Saturday, February 27, 2010

Schools as B Corporations

For our school book club we're reading Drive. Note to colleagues: Book discussion is Tuesday. Bring an appetizer.

Just quickly, I can't say I was in love with Drive. It didn't include anything particularly groundbreaking. I'd find myself breezing through pages thinking I've read that before. I don't know how many times I can read about 20% time or the invention of the Post-it. That being said there are a couple of things that are stuck in my head.

Fedex days: In the book, Dan Pink mentions a company called Atlassian. They have Fedex days. The premise of these is that you have 1.5 to deliver something. It can be anything product related and has to be out of your normal work responsibilities. I LOVE this idea for schools. I don't know how many useless PD sessions I've sat through just clocking time. What if instead our administrators got us together in the morning and said, "Come back at 3pm with something to make our school better." I imagine it could be an unconference setup where there's a big whiteboard and we rush up with our ideas or sign on to ones we're interested in. It'd have to be something out of our normal day to day so nothing like, "Our school will be better if I catch up on my grading and finish hanging posters in my room." We go out with our teams and come back with something. We do our pitch and listen to others. I'm not actually sure how Atlassian decides what to pursue further but I imagine there are ideas that just grab people. I'm getting excited just typing this.

Schools as businesses:
Nancy Flanagan has a very insightful post on the "run schools like a business" premise. Read it first. I'll wait......

B Corporations: Nancy Flanagan quotes Roxanna Elden who says that "test scores are the product." Our profit is measured by test scores. That unrelenting drive to increase test scores has led to schools behaving like businesses: rampant cheating by all, sacrificing long-term values for short-term gains, and treating innovation like intellectual property. On the other hand, I'm not with the totally-anti-fight-the-world-all-testing-is-bad crowd.
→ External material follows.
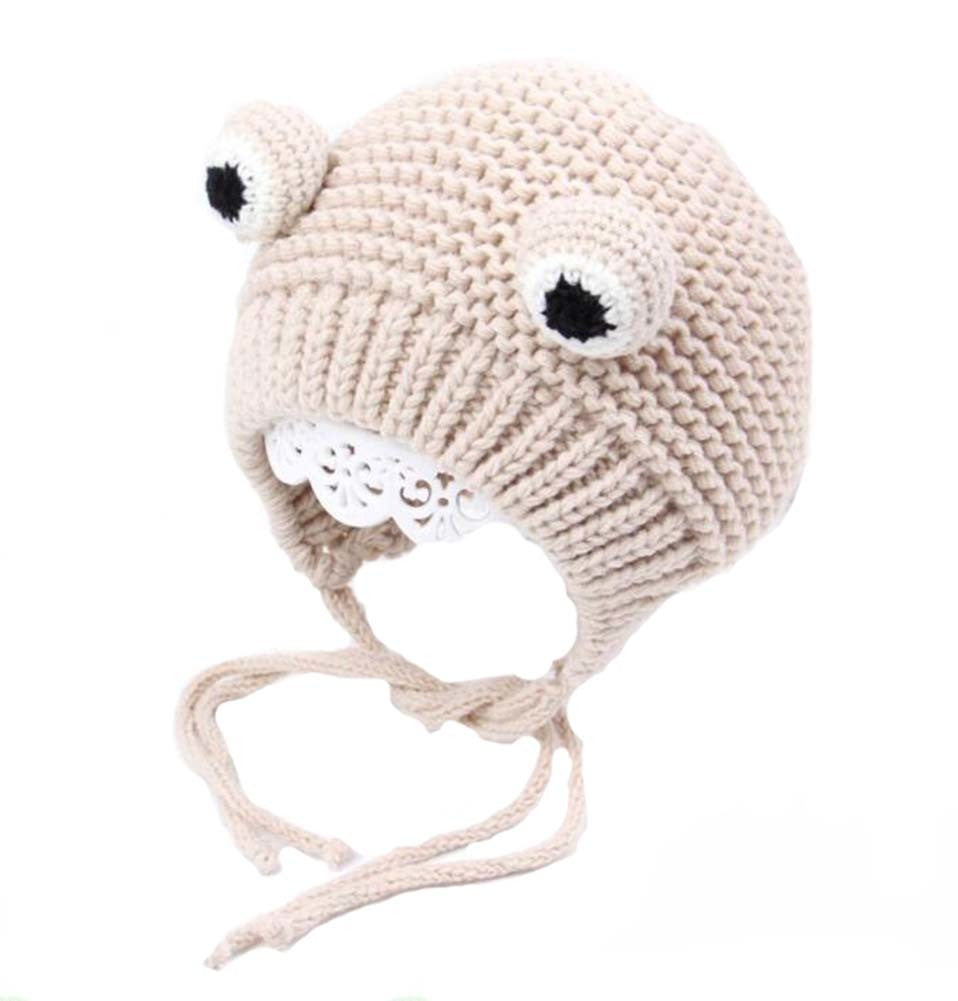 Boys Girls Winter Lacing Hat Toddler Cute Frog Wool Hats; Beige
One thing testing has done is helped uncover those groups we let slip by. One of the high performing schools near me has a 90% proficiency rate. It's in an affluent area that is attended by kids who have parents that are professors at one the best universities in the entire world.  However, less than a quarter of their Hispanic population is proficient. Pre-testing, they would ignored those kids. Now, they have to address it.
Also, testing exists. I don't think it's going away and I don't think it's productive to ignore or fully resist. This is where the B Corp idea comes in. A B Corp has a primary responsibility not to shareholders, but to stakeholders.  Profit, while good, is not the primary driver. You must consider your employees, the environment, and the community. Schools can and should be the same way. Our profit (test scores) should be considered. We should try to raise them. However, it shouldn't be our primary motive. We should be able to consider the needs of our students, teachers, and the community FIRST while at the same time raising test scores. They don't need to be mutually exclusive. We must address the needs of our stakeholders while delivering a profit.


Anyone else who read Drive, I'd love to hear what you thought. If you're not at my school, you can leave a comment and I can bring it in and share it on Tuesday.
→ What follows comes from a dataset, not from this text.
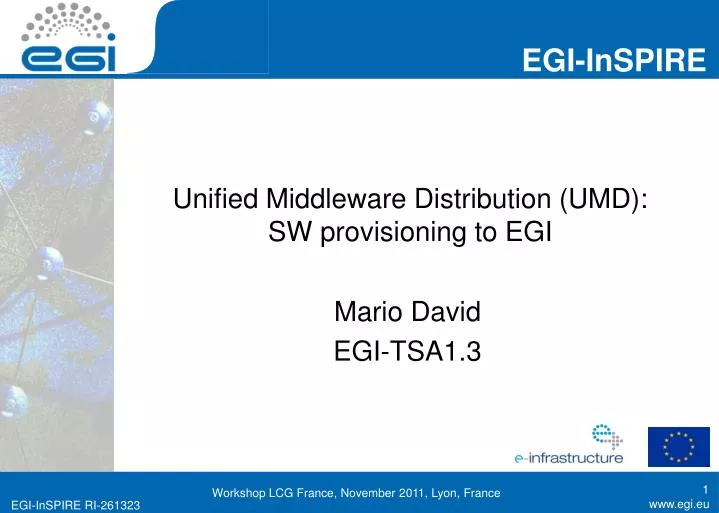 unified middleware distribution umd sw provisioning to egi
Addendum: I've been obsessing about the FedEx days and have decided to pitch it to my school for our next PD. What I'd like is some ideas to help them understand what might be done. I'm also wondering about structure. I think an unconference format would probably be too inefficient given that we'd only have from 8-3. At the two corporations I've worked for we had a Digg-like system for posting ideas, commenting on them, and voting them up or down. Perhaps something like that ahead of time would be better.

I think my school actually might go for it. Not so much because it might be great, but because they wouldn't have to pay for a speaker and because they can always blame me if it doesn't work. "That was just another of Jason's crazy ideas."

What would you deliver? What structures or guidelines would you have in place? Comment or twitter.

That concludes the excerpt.